(道徳から宗教を抜いたときに陥(おちい)る「自分のみよかれの世界」)
世の中の道徳についての議論がやや抽象(ちゅうしょう)的になる理由の一つとしましては、やはり、今、この道徳の根源にある宗教、霊的世界の問題を外して、道徳を捉(とら)えているからだと思います。
やはり、「なぜ生きているのか」とか、「なぜ人に優しくしなければいけないのか」といったことが、伝える側も理解する側も分かりにくくなっている世の中ではないでしょうか。
そこで、この「新しい時代の道徳」を考えるに当たり、改めて、道徳における宗教の大切さ、宗教と道徳の関係性について、考えてみましょう。
「宗教を抜く」ということが、結局、「神様・仏様。それから、あの世の世界をすべて外してしまう」ということになると、信じているか否(いな)かは別にして、結果論的には、唯物論(ゆいぶつろん)的世界観になるわけです。
それは、つまり、動物や植物、昆虫(こんちゅう)等の生きている世界や、あるいは機械、ロボットたちの動いている世界が、人間の世界に相当するということです。
そういう唯物論的世界観になるとどうなるかというと、最終的には、やはり、「この世における幸福」というものが、快楽説にかなり近づくでしょう。結果的には、「持っている体が自分の全体」ということになるので、「肉体を持った自分、体そのものが、快適に、あるいは快楽に、数十年の人生を生きられることが最大の幸福であり、最大の美徳なのだ」という考えになっていきやすいのです。
ですから、実は、ここがいちばん“衝突(しょうとつ)”するところだと思います。
もちろん、医療行為や社会福祉的なもののなかには宗教的行為もあるし、人間とのつながりを修正するところを持っているものもあるでしょうが、徹底的に唯物論的社会観で考えると、やはり、どうしても「自分のみよかれ」の世界になってくるので、「自分が快楽に、快適に生きるにはどうしたらよいか」という考えになるのです。
(“戦争法案”と称する反対運動の先に待ち受けるもの)
もう5年前になりますが、安保法案に対し、左翼が“戦争法案”と称(しょう)して反対をし、「人殺しだ。平和に反する」などと言っていましたが、一見、理想的なよいことを言っているように見えつつも、「自分が殺されたくない」ということを言っているようにも見えます。

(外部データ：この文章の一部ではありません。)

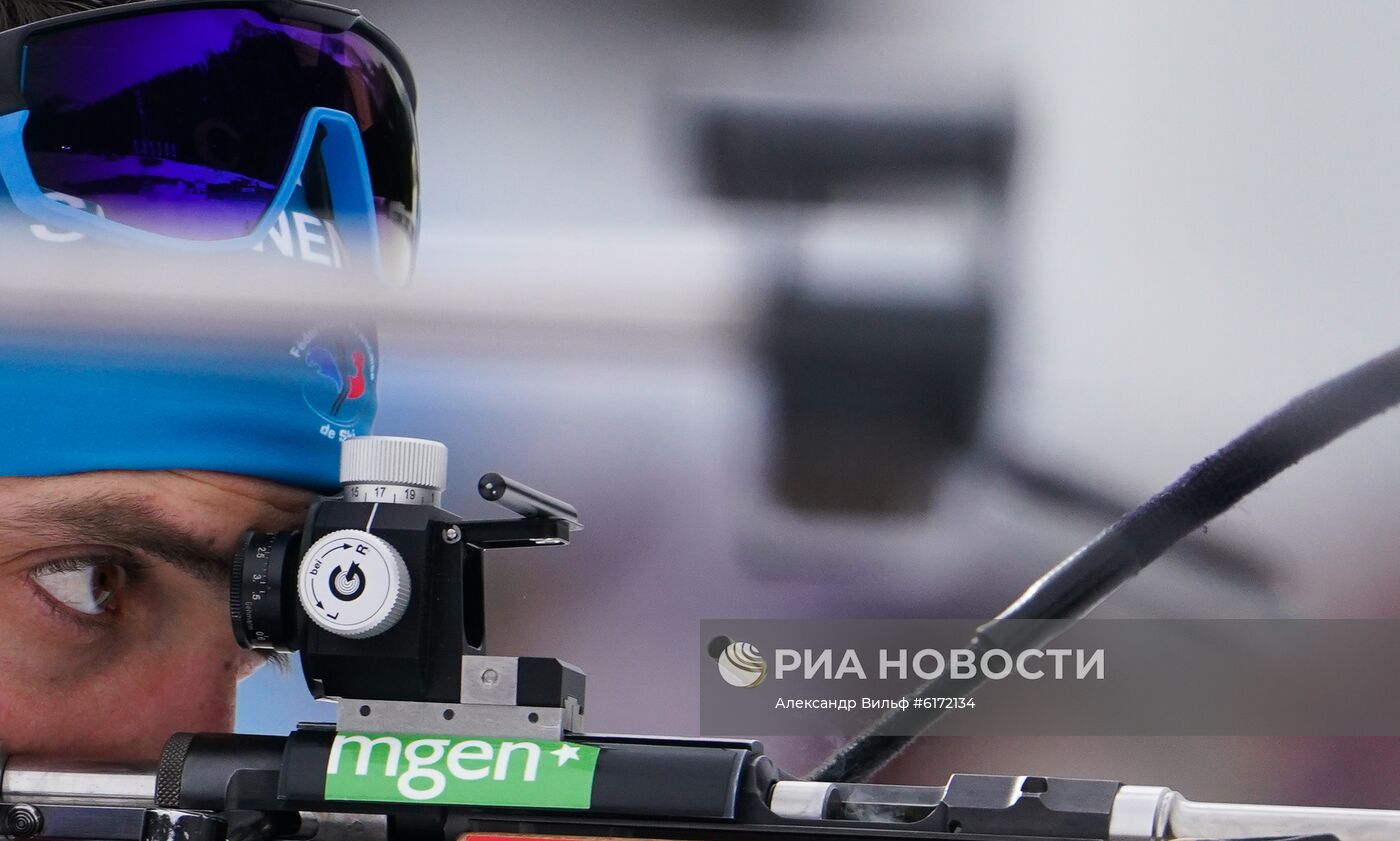 Биатлон. Чемпионат мира. Мужчины. Индивидуальная гонка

つまり、「殺されないことが最大の幸福であり、快楽に生きられたらよいのだ。あとのことは知ったことではない。国のプライドだとか、そんなものは、もう知ったことではない。国家なんていうものはどうでもよいのだ。そんなものは考えずに、とにかく自分が害を受けることなく安楽に生きられれば、それでよいのだ」というぐらいの価値観に見えなくもないのです。
しかし、リアルポリティクス(現実政治)にはそれを許さないところがあり、そういう人たちの集まりの国になると、野心を持った国に侵略(しんりゃく)されることが多いわけです。自分の身の安泰(あんたい)のみを願う人ばかりになったら、簡単に侵略されてしまいます。そういうときには、それを踏(ふ)み止(とど)まらせるヒーローたちが出てこないと、彼らを護(まも)ることはできなくなってくるのです。
一見、平和を愛しているように見えながら、実は、悪(あ)しき心を持った暴力性のある国家に、野心を持って狙(ねら)われたりしたときには、自分の最終目標である「身体の安楽」という究極の目的自体も奪(うば)われることがあるわけです。そういう難しさはあります。
ですから、ミクロだけ、個人個人だけで考えてもいけないところがあります。やはり、人間は社会的動物でもあるので、そういう意味での「社会性」と、「個人」の両方を常に考える目は持っていなければいけないのではないかと思います。